Am I getting dizzy from sniffing cologne? Imagining things?

 

I shifted slightly in my chair, trying not to touch him again, as our arrogant visitor ran his finger beneath the first line of the scroll. "This declares that you, Antanasia Dragomir, are promised in marriage to me, Lucius Vladescu, shortly after the achievement of your maturity at the age of eighteen, and that all parties in witness agree to this covenant. And upon the marriage, our clans shall be united and at peace." He leaned back. "As I said, it's quite simple, really. And see: your adoptive father's signature. And your mother's."

 

I couldn't resist glancing when he said that, and sure enough, Mom and Dad's scrawled signatures were on the document, amid dozens of unfamiliar Romanian names.
Traitors.
Shoving the scroll away, I crossed my arms and glared at my parents. "How could you promise me away like . . . like ... a prize cow?"

 

"We didn't promise you away,' Jessica," Mom soothed. "You weren't our daughter then. We were merely there to witness a unique ritual, in the interest of my research. This was weeks before the purge, weeks before we adopted you. We had no idea what the future held for any of us."

 

"Besides, no one promises cows," Lucius scoffed. "Who would promise cattle? You are a vampire princess. Your destiny is not entirely your own."

 

Princess. . . He honestly thinks I'm a vampire princess. . . .
The strange, almost pleasurable, sensation I'd felt when he'd brushed my cheek was forgotten as reality hit me again. Lucius Vladescu was a lunatic.

 

"If I were a vampire, I'd want to bite someone. I'd be thirsty for blood," I said in a last ditch attempt to interject reason into a discussion that had devolved into the absurd.

 

"You will come into your true nature," Lucius promised. "You are coming of age right now. And when I bite you for the first time,
then
you will be a vampire. I've brought you a book— a guide, so to speak—which will explain everything—"

 

I stood up so fast my chair tipped over, smashing to the floor. "He is not going to bite me," I interrupted, pointing a shaky finger at Lucius. "And I'm not going to Romania and marrying him!

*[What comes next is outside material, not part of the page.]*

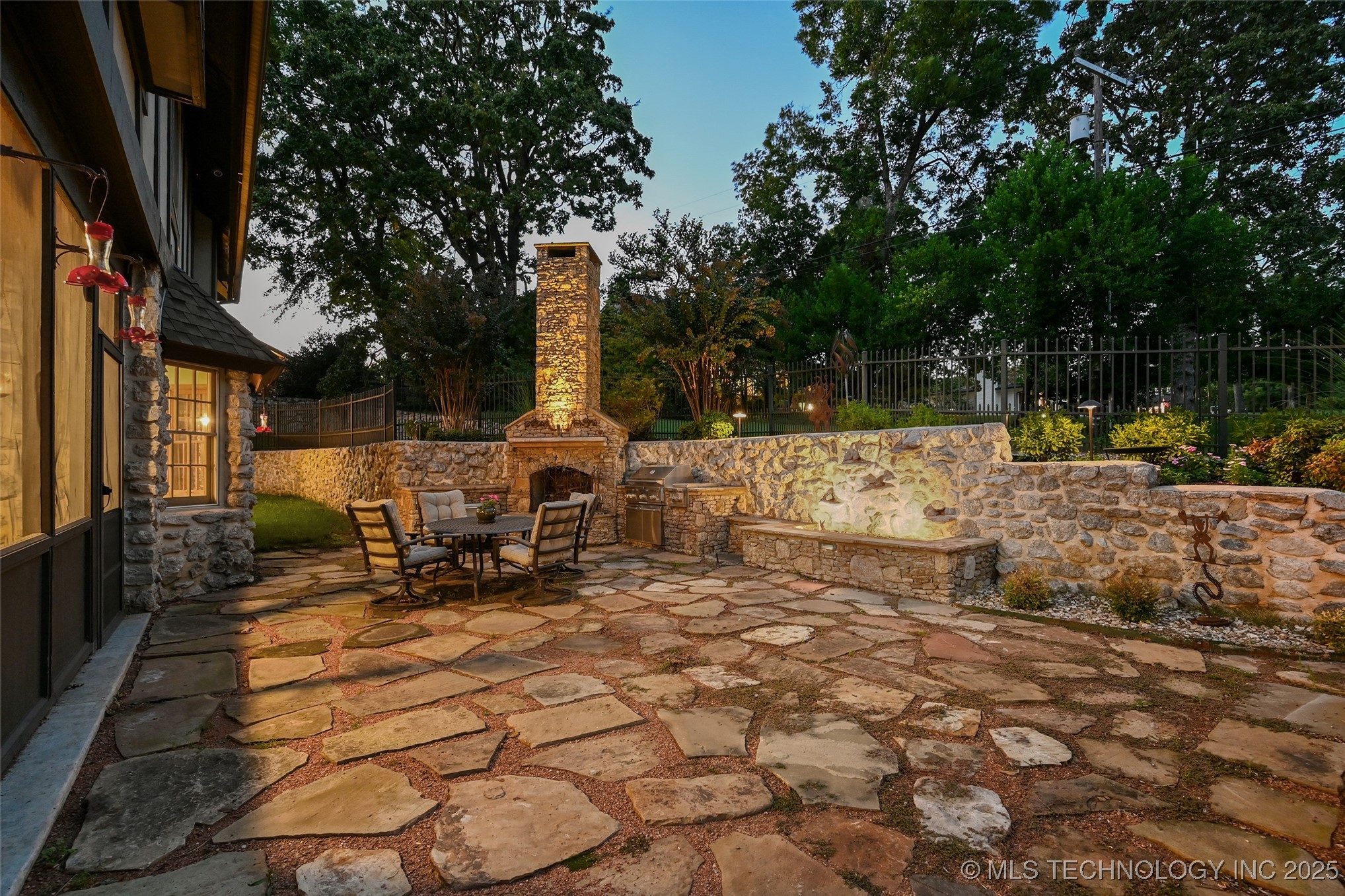 3133 E 68th Street Property Photo 71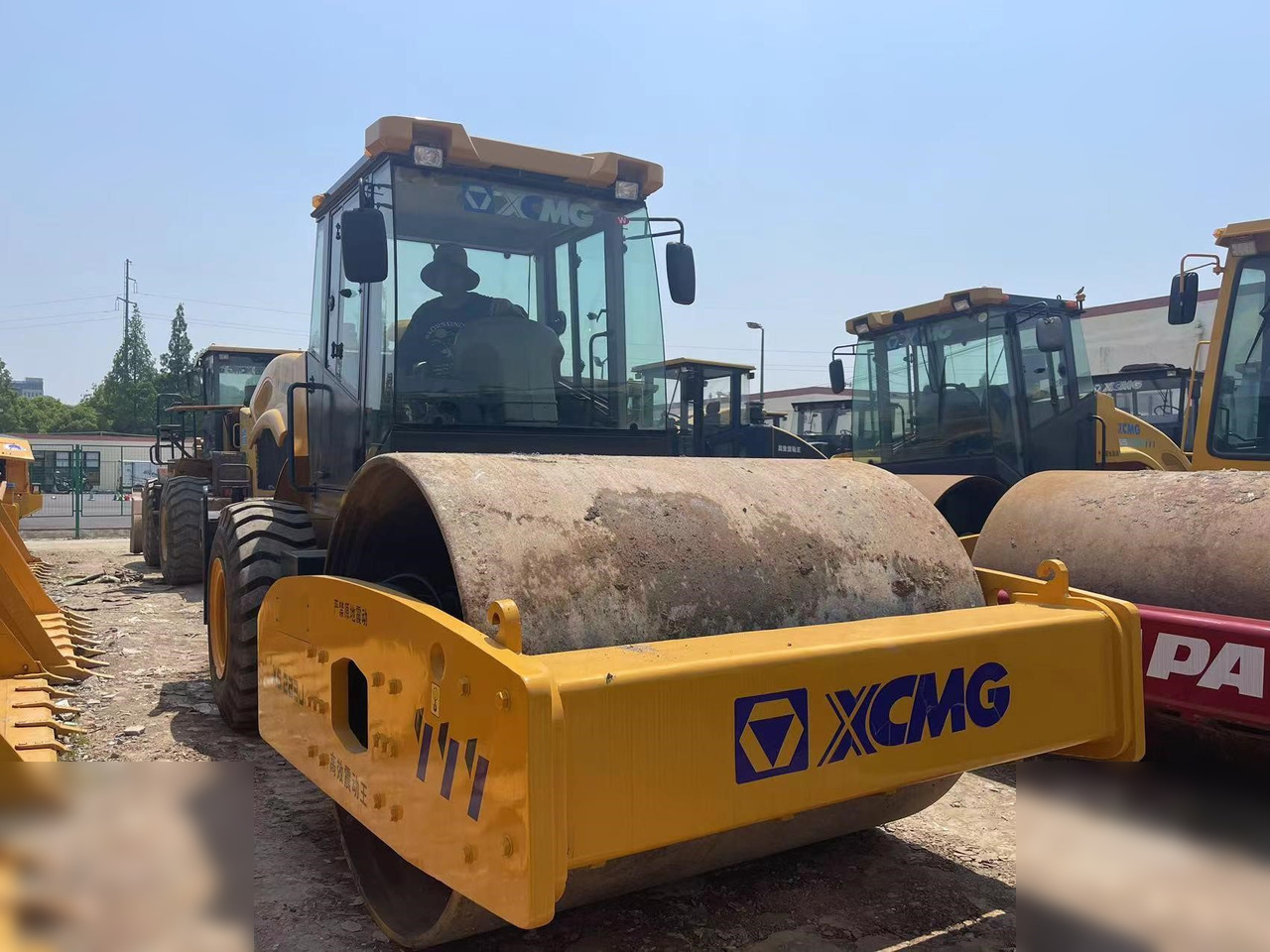 XCMG XS223J - 롤러 : 사진 2 XCMG XS223J - 롤러 : 사진 2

I don't care what kind of
'betrothal ceremony' they had!"

 

"You will all honor the pact," Lucius growled. It wasn't a suggestion.

 

"Now don't get dictatorial on us, Lucius," Dad urged, kicking back in his chair and stroking his beard. "I told you. This is a democracy. Let's just all just take a deep breath. Like Ghandi said, "We must become the change we want to see.'"

 

Lucius had clearly never grappled with a master of passive resistance before, because he seemed genuinely caught off-balance by Dad's firm, yet mellow, and totally off-kilter, assessment of the situation. "What does that even mean?" he finally asked.

 

"No one's making any decisions today," Mom translated. "It's late, and we're all tired and a little overwhelmed. Besides, Lucius, Jessica is not ready to contemplate marriage. She hasn't even kissed a boy yet, for goodness' sake."

 

Lucius smirked at me, raising one eyebrow. "Really? No suitors? How shocking. I would have thought your pitchfork skills would be attractive to certain bachelors here in farm country."

 

I wanted to die. Die right there. I wanted to run to the knife drawer, grab the biggest blade I could find, and plunge it into my heart. To be exposed as never even being kissed ... it was almost worse than being a vampire princess. The vampire thing was a ridiculous fantasy, but my total lack of experience . . . that was real. "Mom! That is so embarrassing! Did you have to tell him that?"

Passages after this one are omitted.